La ‘ndrangheta opera in Toscana dove non è mai stata, nei rapimenti, nella fantasia dei maremmani, già nel 1990, nell’ultimo romanzo di Fruttero&Lucentini, “Enigma in luogo di mare”, 1990. Molto prima che la ‘ndrangheta venisse scoperta e magnificata dai servizi di intelligence.
 
Ci sono a Roma molti valtellinesi, ma già di terza o quarta 
generazione, qualche migliaio, e la Popolare di Sondrio prospera, è la banca con più sportelli a Roma. Ci sono a Roma molti calabresi, alcune centinaia di migliaia, per lo più immigrati in proprio, per lo più professionisti, e la Cassa di Risparmio di Calabria a stento teneva uno sportello aperto, più che altro a fini di rappresentanza.

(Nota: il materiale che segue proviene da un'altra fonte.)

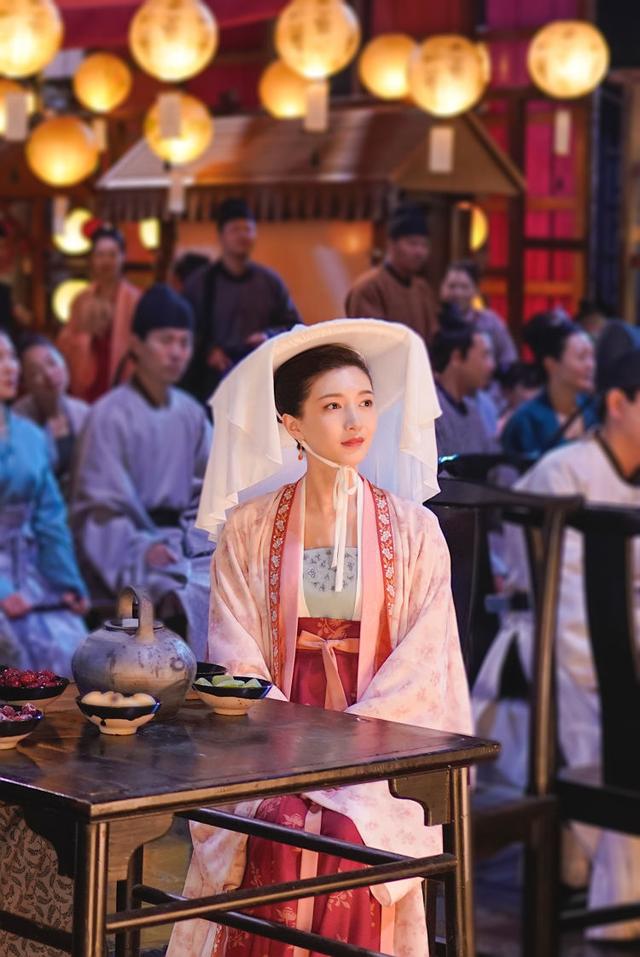 用现代思维实力演绎《清平乐》里的“曹丹姝”专访江疏影：“后宫101”皇后可以C位出道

Un colossale repertorio di scrittori calabresi in Australia, che si esprimono in italiano (poesia) o in inglese (narrativa) può censire lo studioso di umanistica Gitano Rando, sotto il titolo “Cronotipi del paese natio e di quello d’adozione nella poesia e la narrativa calabroaustraliana”, disponibile online.

 
“Per un meridionale”, annota Corrado Alvaro nel 1930 (in “Quasi una vita”), un calabrese, a Roma, tra toscani, nell’ambiente letterario, “non era facile trovare stima, per la nostra mancanza di misura e per una reputata barbarie o provincialità”. Era, e ora?
 
“I calabresi”, annota Alvaro più in là, 1936, “mettono il loro patriottismo nelle cose più semplici, con la bontà dei loro frutti e dei loro dolciumi. Amore disperato del loro paese, di cui riconoscono la vita cruda, che hanno fuggito, ma che in loro è rimasta allo stato di ricordo e di leggenda, dell’infanzia”. La Calabria è un’infanzia.
 
“Courir la Calabre” fu un’espressione diffusa a Parigi ai primi dell’Ottocento, le memorie di guerra degli ufficiali napoleonici e 
scrittori Courier e Duret de Tavel, come di terra piena di sorprese, minacciose ma, evidentemente, non letali.

 
Chiude “Calabria Sconosciuta”, dopo quasi mezzo secolo. Un repertorio di persone, fatti, leggende, monumenti, luoghi. Dapprima mensile, poi trimestrale, poi a numeri sparsi, ma sempre di un mondo sconosciuto ai più. Specie ai calabresi, cui si indirizzava. Ha chiuso come tutte le riviste a stampa, ma fino all’ultimo in armonia col titolo: la Calabria resta “sconosciuta” ai più.
 
Giuseppe Gabetti, un viaggiatore che girava la Calabria su un asino (forse il germanista piemontese?), e vi trovava a ogni passo le donne più belle del mondo, ma che a Gioiosa Superiore, dove andò per vedere “le famose donne alla fontana”, queste gli apparvero meno belle, per “un cielo, un’aria, una luce” in cui si perdette, ricorda ad Alvaro “la forza degli elementi esterni che in Calabria livellano tutto. E che forse sono la ragione di una certa tristezza calabrese”.
 
A Rogliano, “graziosa città, molto ben collocata, l’antica Rubanum”, Horace Rilliet, “Colonna mobile in Calabria”, trova nel 1852 “una popolazione di graziose donne”, e la dice “utilmente conosciuta per i suoi maiali e i prosciutti delicati” – oltre che per dato i natali nel 1606 a Vincenzo Gravina”, il creatore dell’Arcadia e il pedagogo di Metastasio. Prosciutti a Rogliano, deliziosi?
 
Ha una tradizione medica, oltre che filosofica (Pitagora, Cassiodoro, Gioacchino da Fiore, Campanella, Telesio): il viaggiatore Rilliet, medico, li ricorda, dal “chirurgo Alceone, 500 a.C., che per primo tentò l’amputazione degli arti e fece i primi studi anatomici sugli animali”, a Vincenzo Vianco, da Maida,”che fu inventore di un metodo di autoplastica chiamato di Tagliacozzo, dal nome di colui che lo descrisse più tardi”.